(Web page caption snippets)

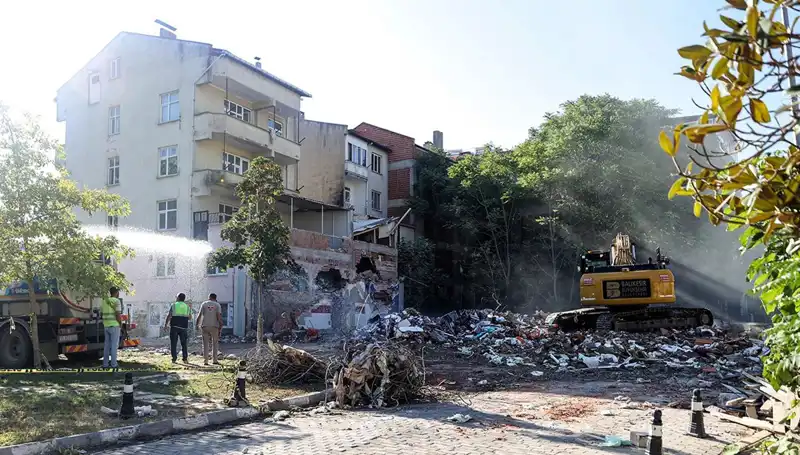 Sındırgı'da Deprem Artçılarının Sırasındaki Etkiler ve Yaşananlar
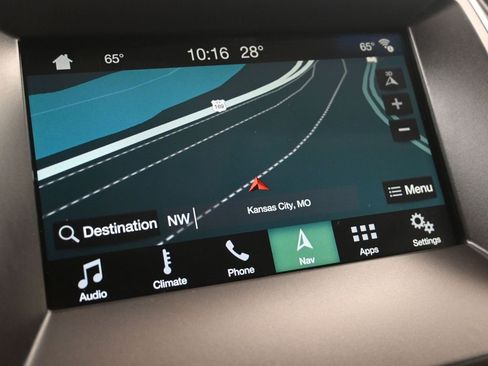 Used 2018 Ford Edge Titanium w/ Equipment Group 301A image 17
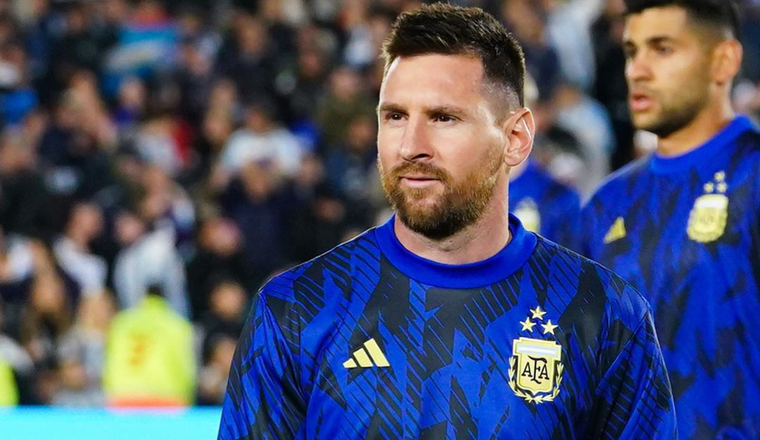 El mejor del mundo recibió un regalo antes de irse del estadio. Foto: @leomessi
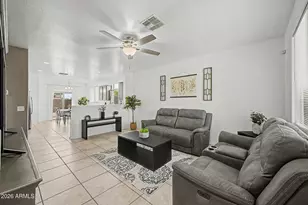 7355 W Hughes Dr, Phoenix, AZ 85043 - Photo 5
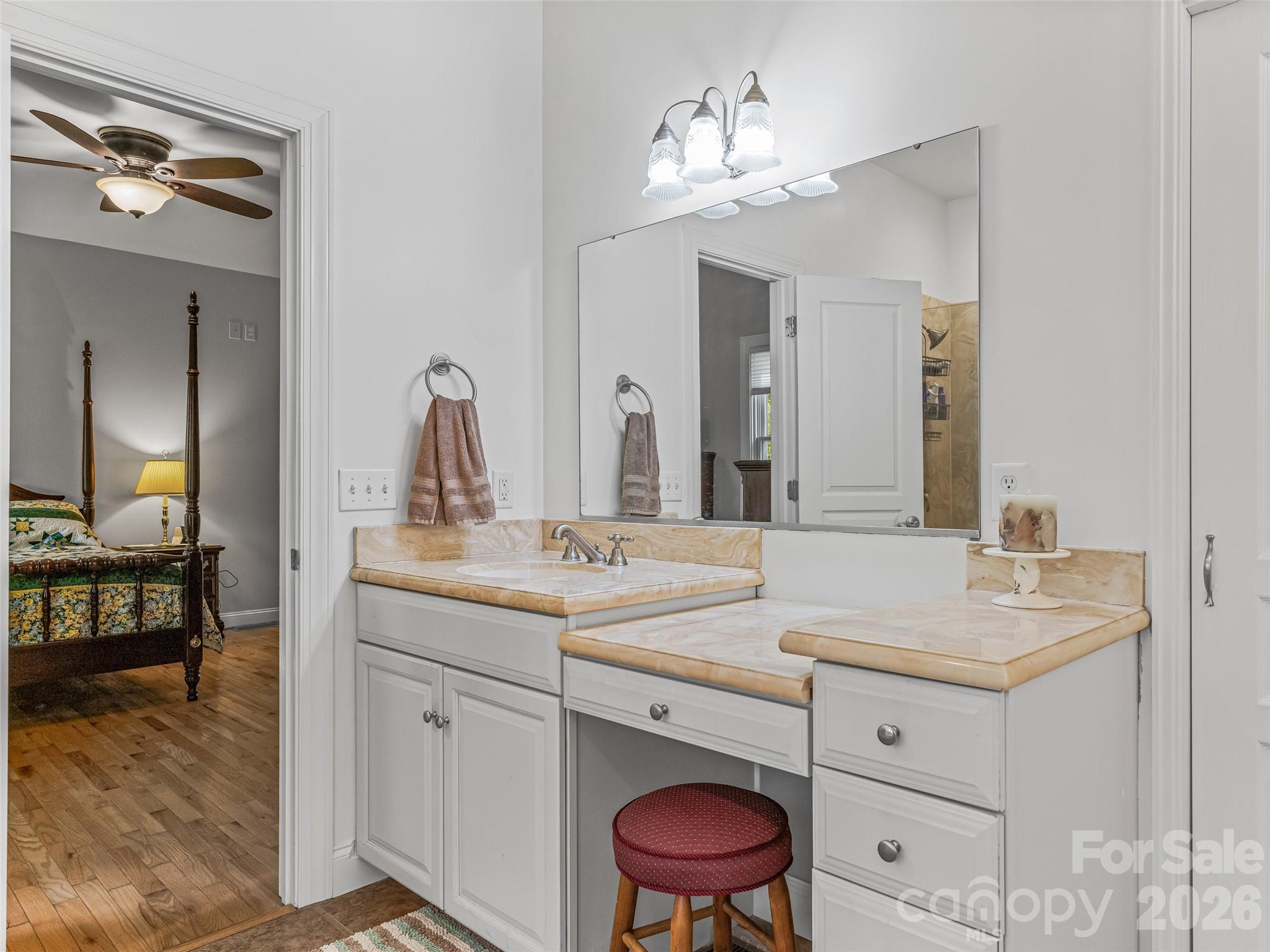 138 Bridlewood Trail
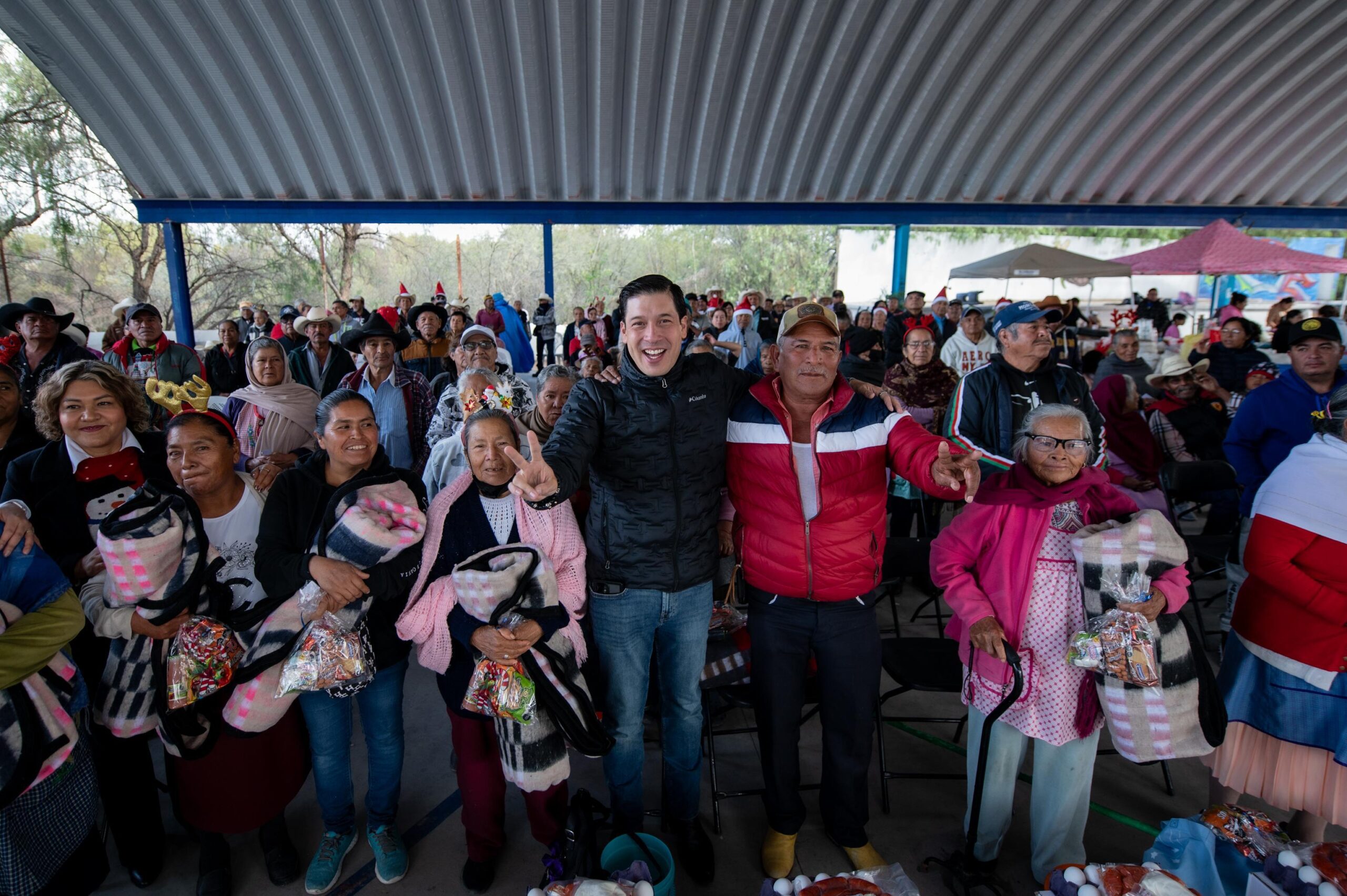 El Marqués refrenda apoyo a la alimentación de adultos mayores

- **About this task**
Give back exactly, and only, the lines from the one holding "138 Bridlewood Trail" through the last line of the entries, with every picture omitted.

- **Answer box**
 138 Bridlewood Trail
 El Marqués refrenda apoyo a la alimentación de adultos mayores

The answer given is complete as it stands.